> _Instructions for the task_: Could you return each line from the one bearing "Rushing Yds: 203" through the last line of the entries, exactly as it stands, with no pictures?

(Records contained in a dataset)

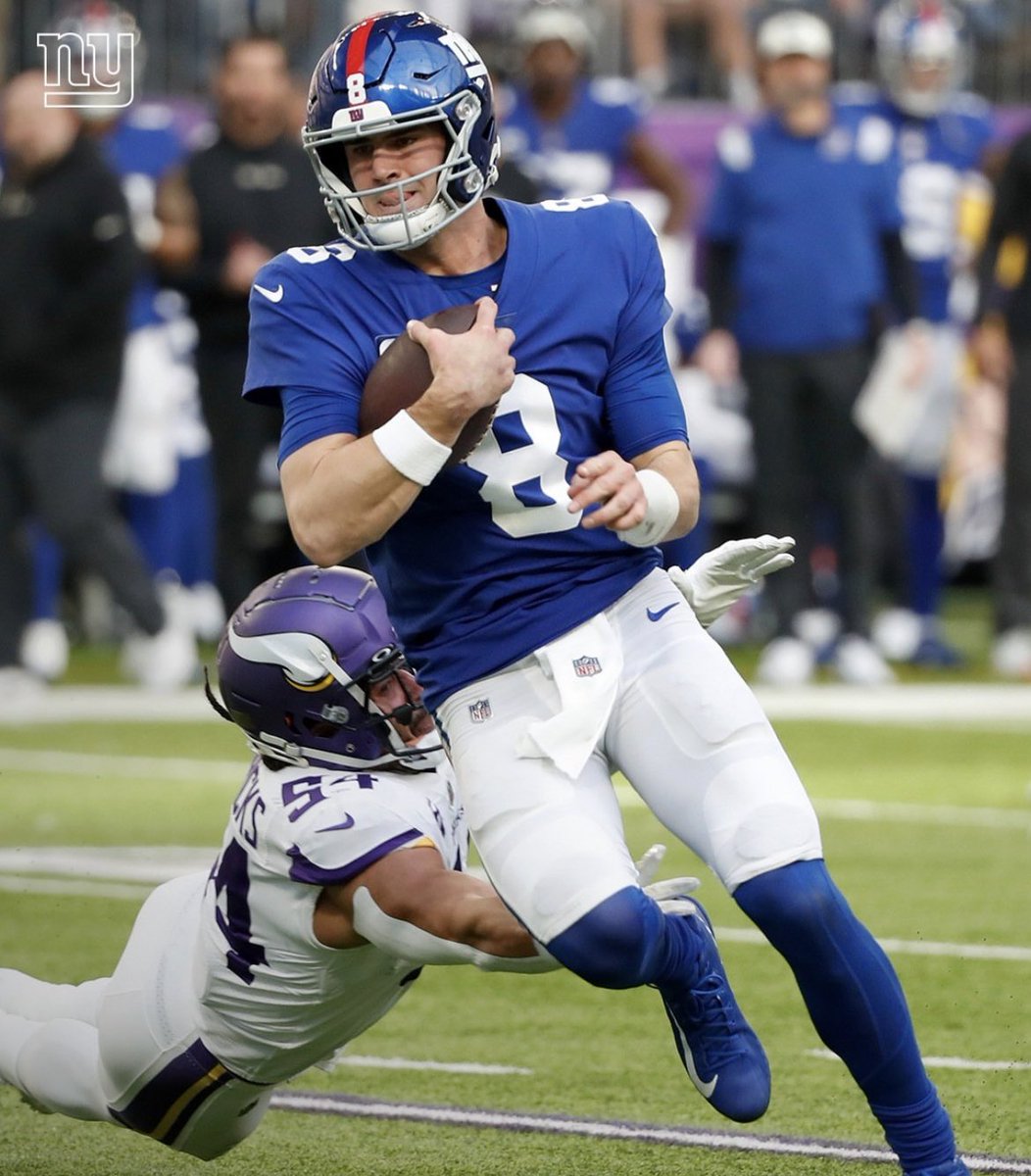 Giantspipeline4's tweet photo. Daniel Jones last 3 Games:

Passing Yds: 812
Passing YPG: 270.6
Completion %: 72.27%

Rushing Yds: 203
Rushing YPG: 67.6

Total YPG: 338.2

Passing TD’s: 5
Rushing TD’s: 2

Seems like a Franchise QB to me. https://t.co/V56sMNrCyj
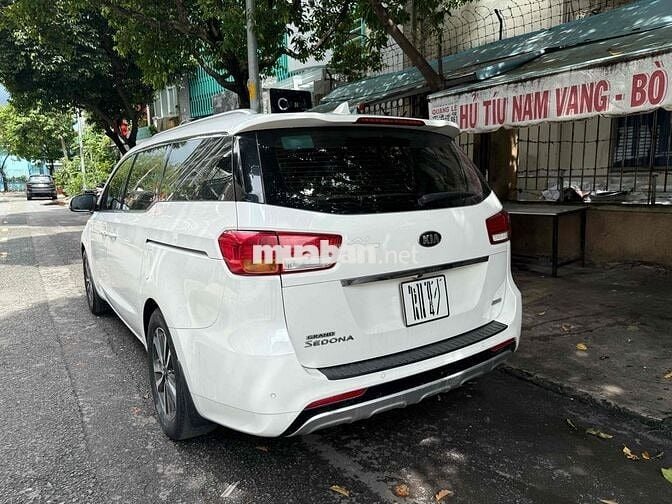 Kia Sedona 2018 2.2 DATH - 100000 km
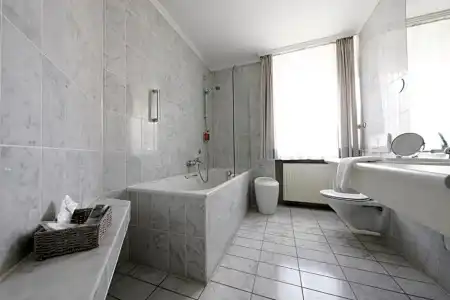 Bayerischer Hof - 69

> _The answer_:
Rushing Yds: 203
Rushing YPG: 67.6

Total YPG: 338.2

Passing TD’s: 5
Rushing TD’s: 2

Seems like a Franchise QB to me. https://t.co/V56sMNrCyj
 Kia Sedona 2018 2.2 DATH - 100000 km
 Bayerischer Hof - 69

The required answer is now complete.